There is also the geodetic GPS, which is even more precise. It is used by professionals of civil engineering and surveying for surveys which require precision of few centimeters (less than 10 cm) in coordinates, in applications such as the control of settling on a dam or bridge, measurement of the movements in the earth’s crust, etc. In order to obtain the coordinates, in this case, it is also necessary to provide the data collected.  


Know more about SIRGAS 2000


On February 25, 2005, the Geocentric Reference System for the Americas (SIRGAS2000), compatible with GPS, was officially adopted as a new reference for the Brazilian Geodetic (SGB) and for the National Cartographic System (SCN).


This means that, from 2014 on, after a transition period of 10 years, only information produced based the SIRGAS200 geodetic system will be considered valid. Such a decision was made in the realm of the

Project of Geodetic Referential Change, created in 2000, controlled by IBGE and formed by work groups with representatives of private and governmental institutions, universities and users who deal with georeferenced information.

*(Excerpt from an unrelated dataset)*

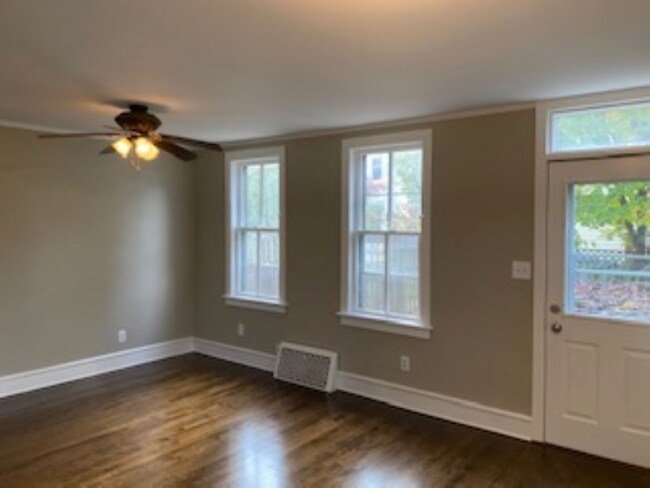 Foto del edificio - 310 W Scott St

A geodetic reference system is a coordinate system, used to represent earth characteristics, either physical or geometric. In practical terms, it is important for obtaining coordinates (latitude, longitude and altitude), which make it possible to represent and find any element of the earth’s surface on a map.


The fundamental difference between SIRGAS2000 and the referential previously used in Brazil is that the previous ones have a topocentric orientation, that is, the point of origin and orientation of systems is in the Earth’s surface; SIRGAS2000 has a geocentric orientation, that is, it adopts as the origin of the reference a point located in the center of Earth. By adopting the geocentric reference, it is possible to make direct use of GSP technology, an important tool in the update of maps, control of transporting company fleets, air, sea and land navigation at real time. Besides, the use of this system by Latin America will contribute to the end of a series of problems originated in the discrepancy between geographic coordinates presented by the GPS system and those found in the maps currently used in the continent.


Between the coordinates produced by previous references and SIRGAS2000 there is a spatial difference of dozens of meters, depending on the place where it is located.